Step 3. Discard neutral (or unable to judge) statements
Keep only the items where at least 90% of the judges agree as to direction (favorability rating).
Eliminate the statements rated as Neutral/Unable to judge, or those for which judges differ in their
opinions (less than 90% agreement). The following statements are not directly for or against math
and would be eliminated:

• Math is a science.
• These days math instruction at the high school level is of poor quality.
• Men are better at math than women.

Step 4. Format items to measure intensity
NOTE the different instructions and labels at the top of the columns. This is how the final attitude
scale will be presented to respondents.

Instructions: Please indicate your level of agreement with each of the following items (circle the
appropriate number).

Item Strongly Strongly
disagree Disagree Neutral Agree Agree

1. Math is one of my worst subjects. 1 2 3 4 5
2. I am confident that I can learn math. 1 2 3 4 5
3. Math is difficult for me. 1 2 3 4 5

Counterbalance the items by alternating positive and negative statements. It is OK to have more of
one type than the other, but be sure to mix them up on the form.

8

Step 5. Pilot test (pre-test)
Before printing the final version, pretest the form on a few people that will not be in your final
sample. There will ALWAYS be something that needs to be corrected – unclear directions, an
ambiguous item, incorrect numbering, typos, etc. It is best to find them before you print hundreds
of copies.

Scoring
After the respondent fills out the attitude survey, the researcher must reverse score the negative
items (determined in Step 2 above) so that all of the individual item scores lie on the same scale with
regard to direction. In reverse scoring, the 5 becomes 1, 4 becomes 2, 3 stays the same, 2 becomes
4 and 1 becomes 5. The reason is that we want to obtain a single score reflecting the intensity in a
single direction – that is, we want a high overall score to reflect a positive attitude and a low overall
score to indicate a negative attitude. If someone strongly agrees with “Math is difficult for me,” the
attitude toward math is negative. Although the person has circled 5 on the form, that item (being
negative) is scored as a 1.

After the scores on the negative items are reversed, sum the individual ratings. Either a total score
or the average is used to characterize the individual’s attitude.
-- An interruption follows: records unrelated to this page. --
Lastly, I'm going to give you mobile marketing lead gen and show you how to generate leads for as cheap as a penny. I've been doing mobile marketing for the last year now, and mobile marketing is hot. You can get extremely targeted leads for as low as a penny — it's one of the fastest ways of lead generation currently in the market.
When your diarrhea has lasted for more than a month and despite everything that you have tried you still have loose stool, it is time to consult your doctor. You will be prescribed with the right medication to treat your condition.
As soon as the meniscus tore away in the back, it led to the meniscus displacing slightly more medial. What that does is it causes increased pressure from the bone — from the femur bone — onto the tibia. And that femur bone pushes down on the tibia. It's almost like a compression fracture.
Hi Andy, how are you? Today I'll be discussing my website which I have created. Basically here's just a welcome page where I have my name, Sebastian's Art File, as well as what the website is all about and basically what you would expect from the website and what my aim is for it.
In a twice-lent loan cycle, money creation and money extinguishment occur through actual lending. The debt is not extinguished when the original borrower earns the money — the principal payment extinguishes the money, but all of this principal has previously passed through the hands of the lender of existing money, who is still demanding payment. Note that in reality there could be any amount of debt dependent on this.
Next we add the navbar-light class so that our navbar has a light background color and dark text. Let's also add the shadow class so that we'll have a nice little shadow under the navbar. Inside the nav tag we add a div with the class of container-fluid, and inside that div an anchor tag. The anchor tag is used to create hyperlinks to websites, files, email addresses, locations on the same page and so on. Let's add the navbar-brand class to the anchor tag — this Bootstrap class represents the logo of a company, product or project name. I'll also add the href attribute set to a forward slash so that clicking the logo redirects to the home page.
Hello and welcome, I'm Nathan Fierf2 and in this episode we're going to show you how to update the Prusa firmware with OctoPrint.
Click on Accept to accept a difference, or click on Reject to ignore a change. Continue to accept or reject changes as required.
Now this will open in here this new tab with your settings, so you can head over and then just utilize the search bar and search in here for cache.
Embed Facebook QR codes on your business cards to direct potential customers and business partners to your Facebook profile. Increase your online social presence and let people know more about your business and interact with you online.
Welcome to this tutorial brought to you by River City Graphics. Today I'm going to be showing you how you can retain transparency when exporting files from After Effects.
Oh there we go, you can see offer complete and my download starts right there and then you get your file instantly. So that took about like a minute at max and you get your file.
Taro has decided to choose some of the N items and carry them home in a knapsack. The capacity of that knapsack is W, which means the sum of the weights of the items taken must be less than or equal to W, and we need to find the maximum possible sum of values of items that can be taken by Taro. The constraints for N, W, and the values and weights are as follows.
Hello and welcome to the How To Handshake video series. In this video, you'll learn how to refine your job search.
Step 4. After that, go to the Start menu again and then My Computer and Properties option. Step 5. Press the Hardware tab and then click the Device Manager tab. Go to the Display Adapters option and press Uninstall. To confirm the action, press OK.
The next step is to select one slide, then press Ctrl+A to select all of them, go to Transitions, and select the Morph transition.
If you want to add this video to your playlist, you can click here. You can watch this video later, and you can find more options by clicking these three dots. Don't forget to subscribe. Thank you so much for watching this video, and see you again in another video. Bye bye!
After the questionnaire is completed, each item may be analyzed separately or item responses may
be summed to create a score for a group of items. Hence, Likert scales are often called summative
scales.

Responses to a single Likert item are normally treated as ordinal data, because, especially when using
only five levels, one cannot assume that respondents perceive the difference between adjacent levels
as equidistant. When treated as ordinal data, Likert responses can be analyzed using non-parametric
tests, such as the Mann-Whitney test, the Wilcoxon signed-rank test, and the Kruskal-Wallis test.

When responses to several Likert items are summed, they may be treated as interval data measuring
a latent variable. If the summed responses fulfils relevant assumptions, parametric statistical tests
such as the analysis of variance can be applied. These can be applied only when the components are
more than 5.

Data from Likert scales are sometimes reduced to the nominal level by combining all agree and
disagree responses into two categories of “accept” and “reject”. The Chi-Square, Cochran Q, or
McNemar-Test are common statistical procedures used after this transformation.

Note: The five response categories represent an ordinal level of measurement. The categories
represent an inherent order (more to less, stronger to weaker, bigger to smaller), but the numbers
assigned to the categories do not indicate the magnitude of difference between the categories in the
way that an interval or ratio scale would.

9

Validating the scale
There are 3 ways to demonstrate that a Likert scale is valid, that is, that it measures the attitude that
it purports to measure in a credible way.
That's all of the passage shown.